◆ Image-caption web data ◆

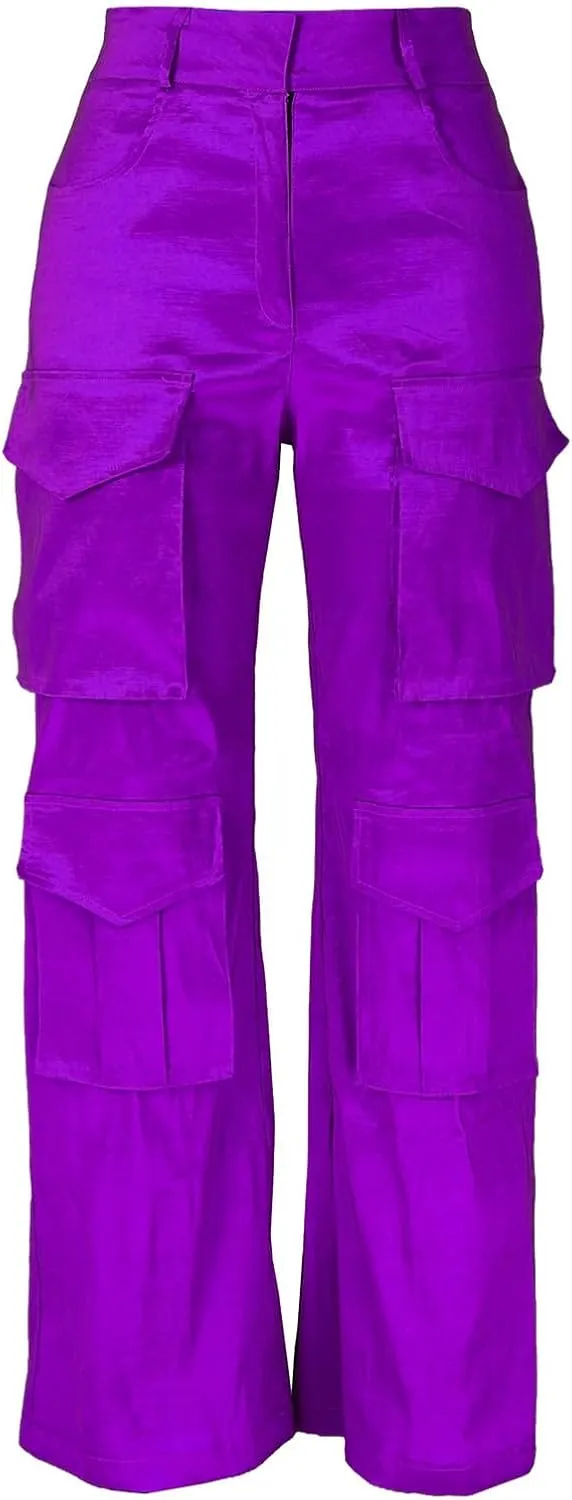 Women's High Waist Casual Cargo Pants Straight Leg Relaxed Fit Sweatpants for Sports Fashion Solid Baggy Jogger Pant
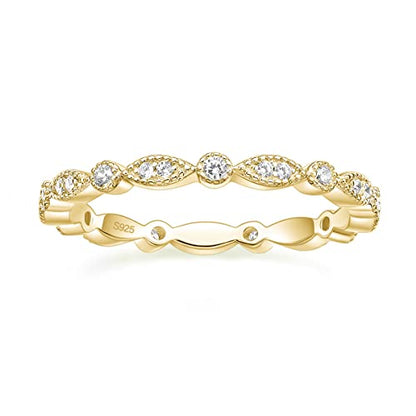 EAMTI 925 Sterling Silver Wedding Band for Women Cubic Zirconia Marquise & Round Milgrain Full Eternity Stackable Ring Size 3-13 - color: Sterling Silver-GOLD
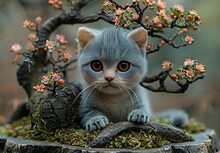 a cat sitting on a tree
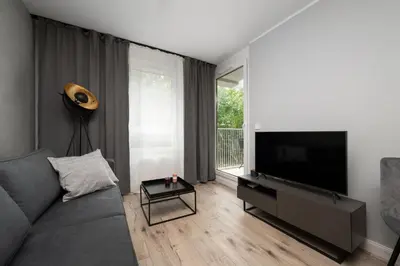 Telewizja i/lub zestaw kina domowego w obiekcie Apartment Wrocław Braniborska by Noclegi Renters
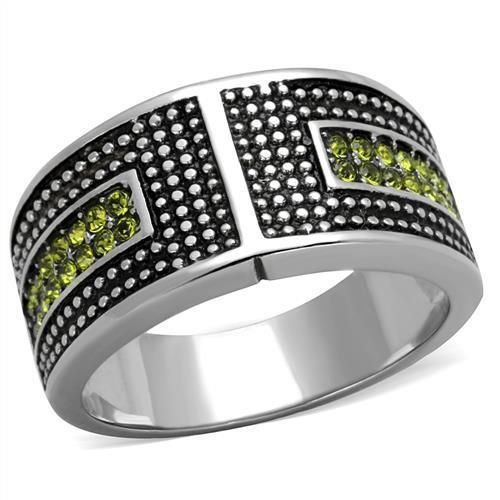 TK2022 High Polished Stainless Steel Ring featuring a vibrant olivine crystal centerpiece, showcasing its elegant design.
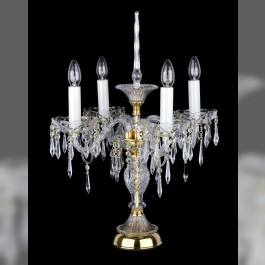 Decorative crystal lamp with 4 arms and a glass icicle-shaped tip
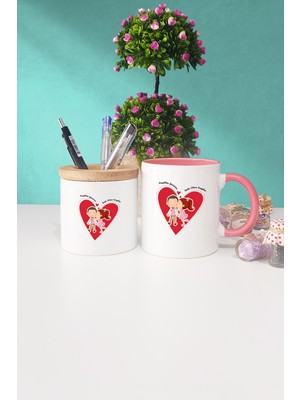 Hedizu Sevgililer Günü Hediyesi Pembe Kupa Bardak Kalemlik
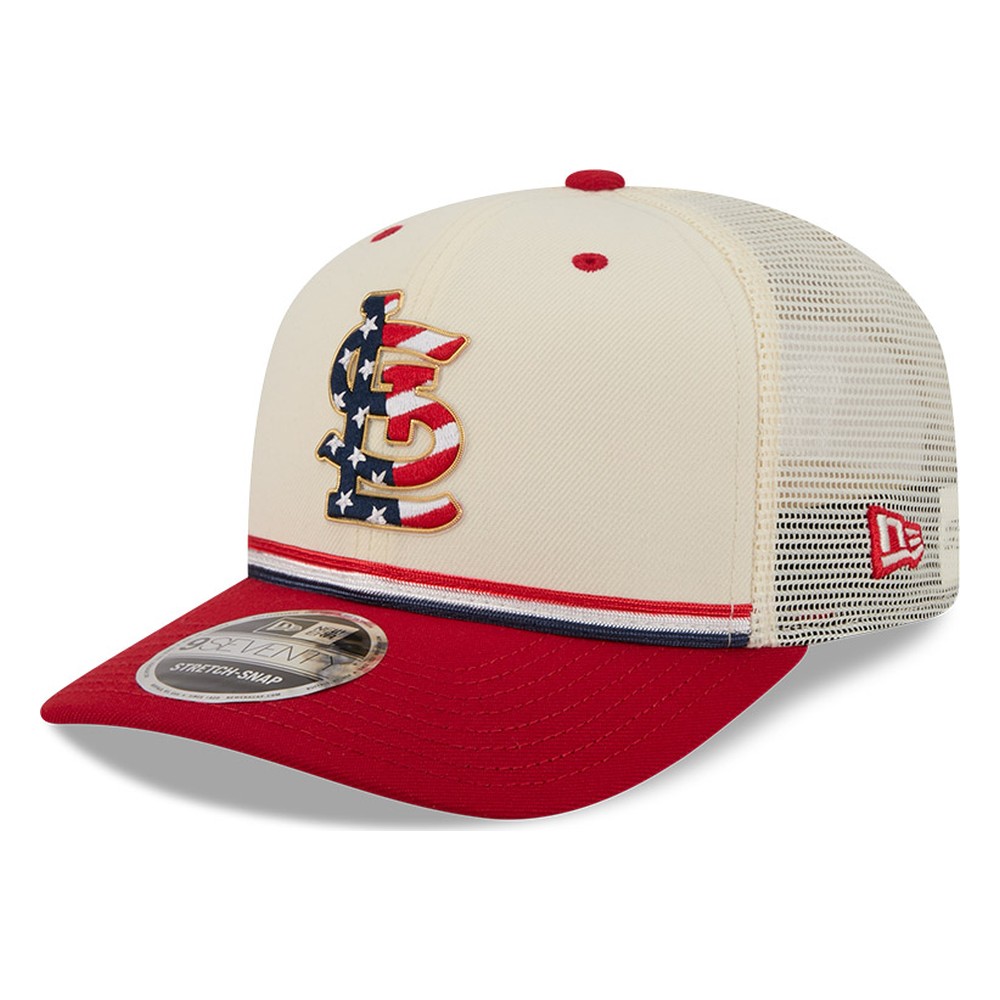 St. Louis Cardinals 2026 Fourth of July USA 250 Patch New Era 9SEVENTY Trucker Adjustable Snapback Hat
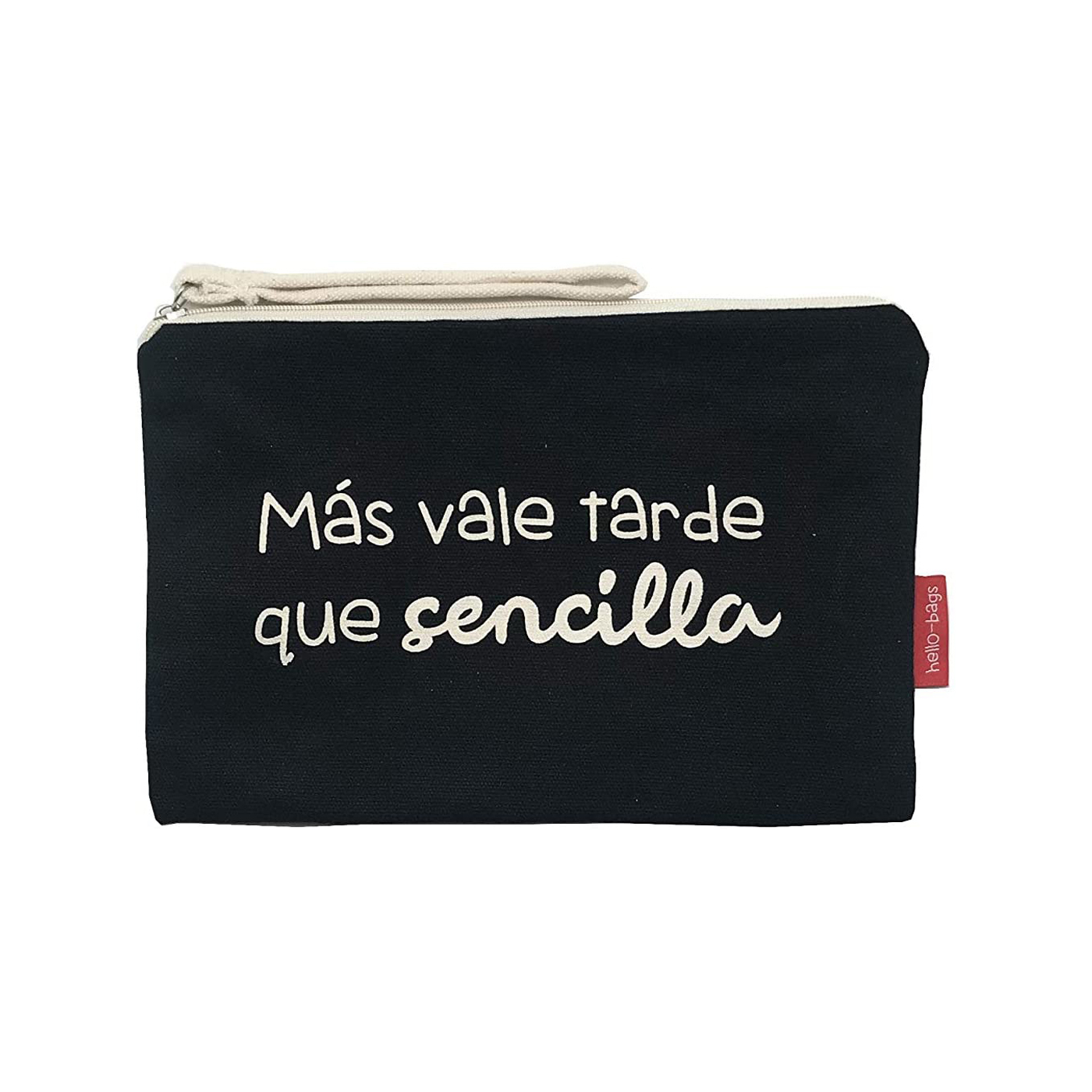 Hello-Bags. Bolso Neceser / Cartera de Mano con cremallera y forro interior. Exterior: Algodón 100%. Incluye sobre kraft de regalo. Modelo MASVALE. Color: Crudo / Negro. 23x15,5 cm.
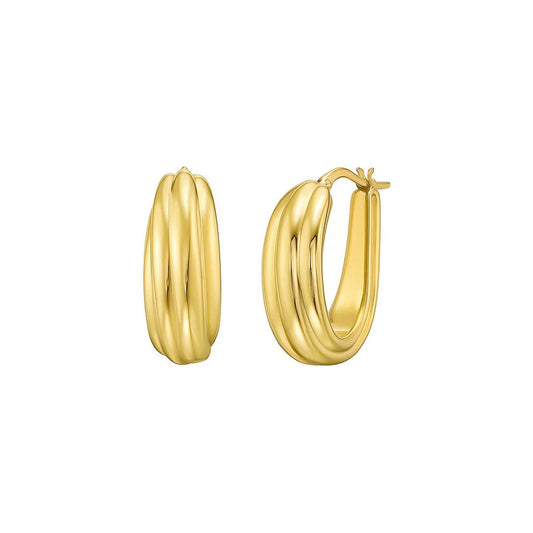 14K Yellow Gold Ribbed Hoop Earrings Alba Luxe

◆ INSTRUCTIONS FOR THE TASK ◆
Return all of the data exactly as written, and drop the pictures.

◆ ANSWER AREA ◆
 Women's High Waist Casual Cargo Pants Straight Leg Relaxed Fit Sweatpants for Sports Fashion Solid Baggy Jogger Pant
 EAMTI 925 Sterling Silver Wedding Band for Women Cubic Zirconia Marquise & Round Milgrain Full Eternity Stackable Ring Size 3-13 - color: Sterling Silver-GOLD
 a cat sitting on a tree
 Telewizja i/lub zestaw kina domowego w obiekcie Apartment Wrocław Braniborska by Noclegi Renters
 TK2022 High Polished Stainless Steel Ring featuring a vibrant olivine crystal centerpiece, showcasing its elegant design.
 Decorative crystal lamp with 4 arms and a glass icicle-shaped tip
 Hedizu Sevgililer Günü Hediyesi Pembe Kupa Bardak Kalemlik
 St. Louis Cardinals 2026 Fourth of July USA 250 Patch New Era 9SEVENTY Trucker Adjustable Snapback Hat
 Hello-Bags. Bolso Neceser / Cartera de Mano con cremallera y forro interior. Exterior: Algodón 100%. Incluye sobre kraft de regalo. Modelo MASVALE. Color: Crudo / Negro. 23x15,5 cm.
 14K Yellow Gold Ribbed Hoop Earrings Alba Luxe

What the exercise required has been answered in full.